SUPPLIED ENTRIES:
----

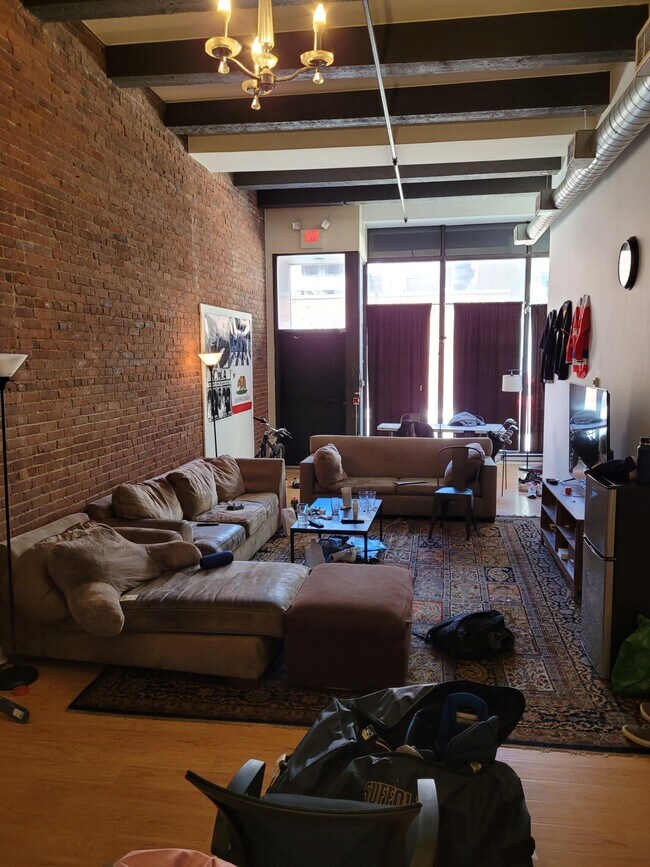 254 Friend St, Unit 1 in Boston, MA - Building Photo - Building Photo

----

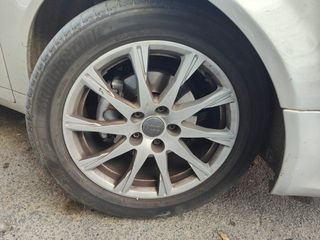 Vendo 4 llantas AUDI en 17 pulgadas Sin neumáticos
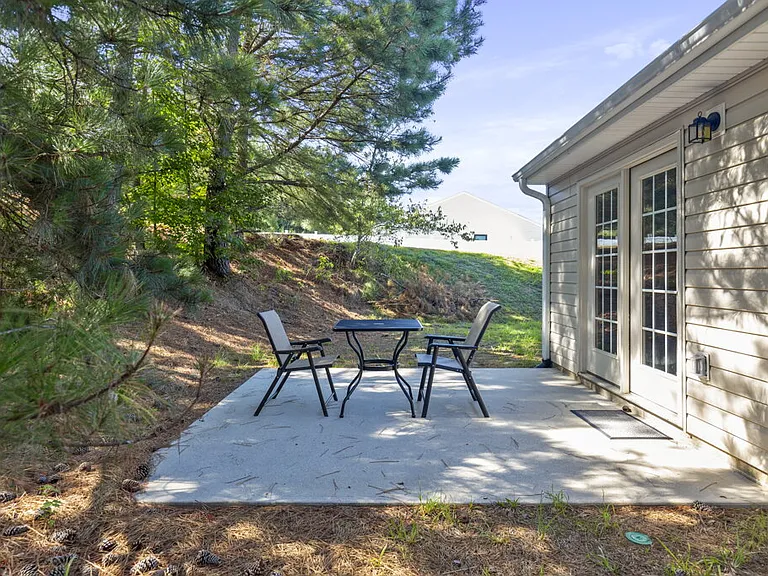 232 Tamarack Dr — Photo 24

----

WHAT TO DO:
In the listing above, find the line containing "Vendo 4 llantas" and the line containing "232 Tamarack Dr — Photo 24"; print those lines and every line between them exactly, leaving out pictures.

TASK SOLUTION:
 Vendo 4 llantas AUDI en 17 pulgadas Sin neumáticos
 232 Tamarack Dr — Photo 24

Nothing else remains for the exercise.